E l’itinerario più difficile?

«È quello dei diritti della libertà, un frutto maturo della modernità. Già il cristianesimo fa appello alla libertà come proposta mentre la democrazia ne è garanzia. Ma sui temi estremi della vita e della morte ora la Chiesa presenta il diritto naturale come valore assoluto, mentre per una lettura ’laica’ ciò rimane un nodo controverso. Lo sviluppo tecnologico ha cambiato profondamente il quadro d’insieme: quando si nasce e si muore? Quanto c’è di naturale nell’’artificiale’? L’autodeterminazione non è più naturale dell’artificiale?
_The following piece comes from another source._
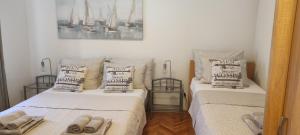 Ένα ή περισσότερα κρεβάτια σε δωμάτιο στο Apartman Campo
Certo, la Chiesa può esprimere le sue posizioni, ma non può imporle alla politica».

Lei cita il caso della solidarietà e la bioetica come elementi di ’dialogo facile’ e di quello ’difficile’ tra Chiesa e non credenti. Ma, rovesciando la prospettiva, non vi è un altrettanto rischio di strumentalizzazione?
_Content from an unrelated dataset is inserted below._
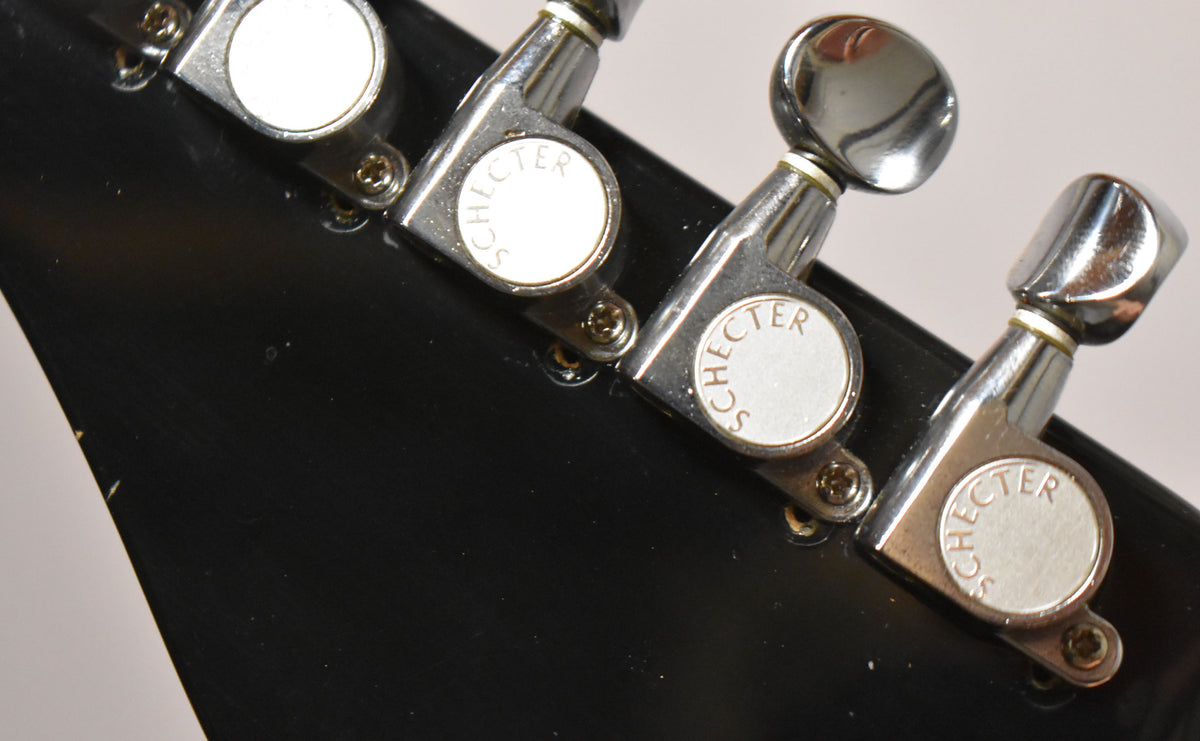 Close-up of the black headstock's rear, showing three chrome tuners with white buttons, some minor scratches, and dust.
«Certo. E ci vuole davvero lucidità ed equilibrio. La Chiesa ha il diritto di convertire, ma non di travalicare il campo. Poi vi è anche chi, secondo una prospettiva ’sociale’, usa la comunità ecclesiale a proprio vantaggio sui temi dei migranti. Ora, tanto più la Chiesa è spirituale, tanto meno è strumentalizzabile. Spirituale non vuol dire spiritualistica, ma partire dalla predicazione, ovvero dal fatto che il referente diretto della Chiesa non deve essere l’agone politico quanto la società intera».

Cattolici più attivi e meno militanti, dunque?

« Sì. Esemplifico: la risposta della Chiesa alla chiusura verso la mobilità delle persone consiste nel fatto che lei è abituata all’accoglienza. I cattolici non dicono che bisogna accogliere gli immigrati: li accolgono già. E quando parla dell’aborto, la Chiesa deve soprattutto cercare di convincere la gente a generare figli. A mio giudizio, compito della Chiesa è la pastoralità: produrre convinzione, entrare nelle coscienze piuttosto che in politica. Penso alla capacità di attrazione di una persona come il cardinale Martini, che suscitava una domanda di spiritualità. Bisogna riuscire a far sorgere la domanda: la figura di Gesù Cristo può pesare nella vita degli uomini? I cattolici devono far risuonare nella società il quesito di Cristo: Voi, chi dite che io sia?».